That link is a completely flawed analysis and widely disproved with hideous selective quoting without context, e.g.
" The authors themselves found a fiscal cost to the UK from migrants in the UK of £95 billion between 1995 and 2011".

Entirely misses the relevant details, in that period the entire fiscal budget was negative, both native British and immigrants were a net drain. But guess what, EU immigrants were LESS of a negative contributor than native British.

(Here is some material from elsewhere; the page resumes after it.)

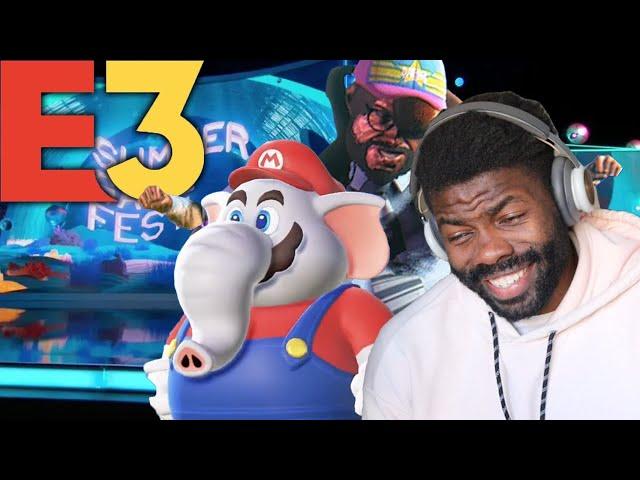 Dunkey's E3 2023 & Street Fighter 6 The Chill Zone Reacts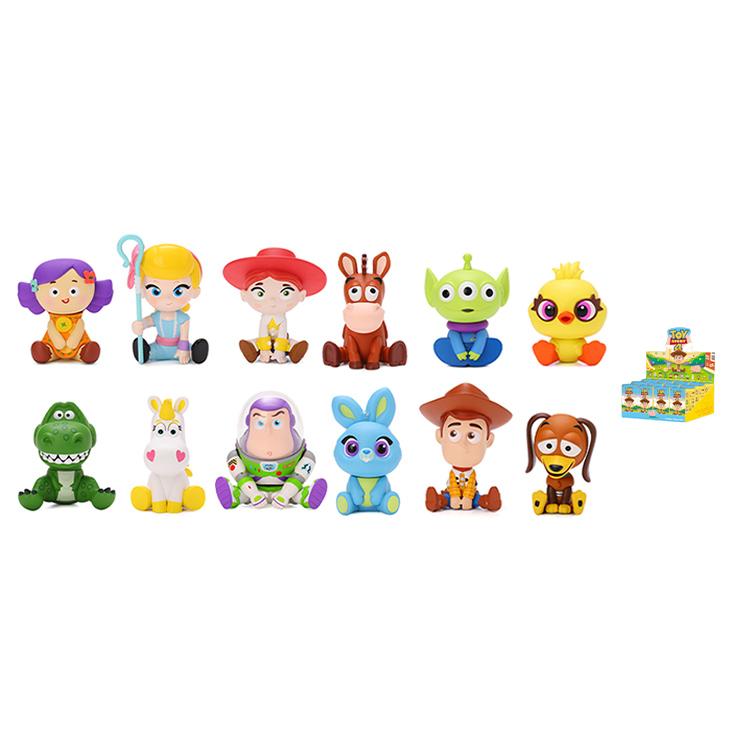 New POP MART Toy Story Characters Toy Story 4 Sitting Collection Mystery Boxes Whole Set 12 Pcs 6972368568017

EU immigrants contributed 10% more than British.

And that is ignoring the fact that the immigrants provided labour that would cost £50bn to educate.


Your disgusting link is just the epitome of vile miss-information and prejudice.
 
Foreign aid has absolutely nothing to do with immigration and is entirely irrelevant.
I don't dispute that, I was just pointing out that the effect, although positive, is as thomspon said, less than foreign aid spending.

One of the main reasons why EU immigrants are net contributors because they typically don't have children or their children are already older and so much of the expenses have already been incurred in their home country.

Birth rates for immigrants are now approximately the same as British birth rates, so the costs are equivalent.



I have previously read the original paper in detail, it doesn't detract form what I said. I never take news headlines for granted. There are always factors that aren't accounted, for positive and negative. The best evidence we have is immigration is economically strongly positive, all available evidence indicates such.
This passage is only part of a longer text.